[Exercise requirements] An exact transcription is needed, starting at the line containing "Photo of 45" and running through the last line of the records, with every picture left out.
═══ Data listing
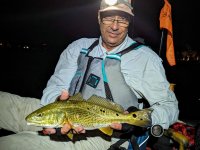 Redfish in the Night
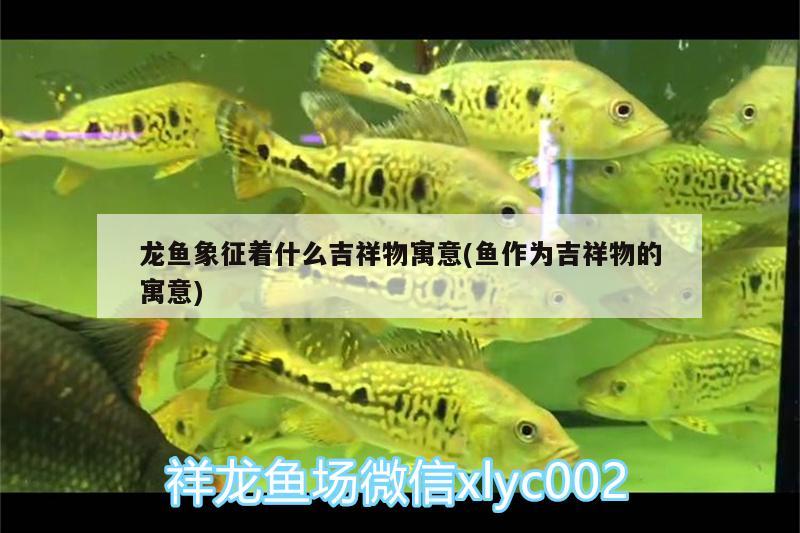 龙鱼象征着什么吉祥物寓意(鱼作为吉祥物的寓意) 其它水族用具设备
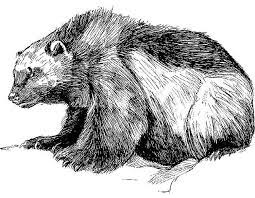 The name zorilla comes from the word zorro, which in spanish means fox. Wolverine Animal Coloring Pages Wolverine Animal Animal Coloring Animal Coloring Pages
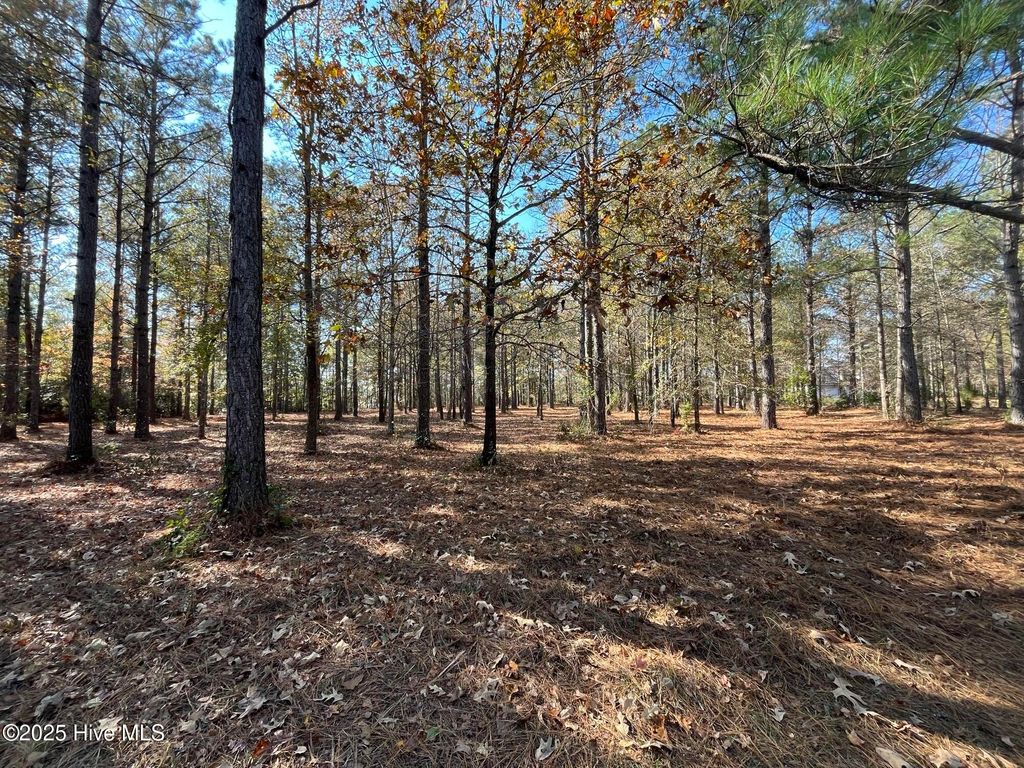Photo of 45 N Berne Landing Road, New Bern, NC 28560 (MLS # 100504725)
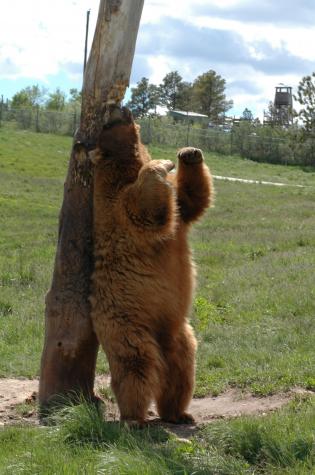 grizzly bear scratches his back - Bear Country Wildlife Park, Black Hills, SD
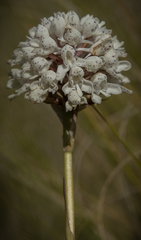 Disa cephalotes cephalotes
══════
[Solution below]
Photo of 45 N Berne Landing Road, New Bern, NC 28560 (MLS # 100504725)
 grizzly bear scratches his back - Bear Country Wildlife Park, Black Hills, SD
 Disa cephalotes cephalotes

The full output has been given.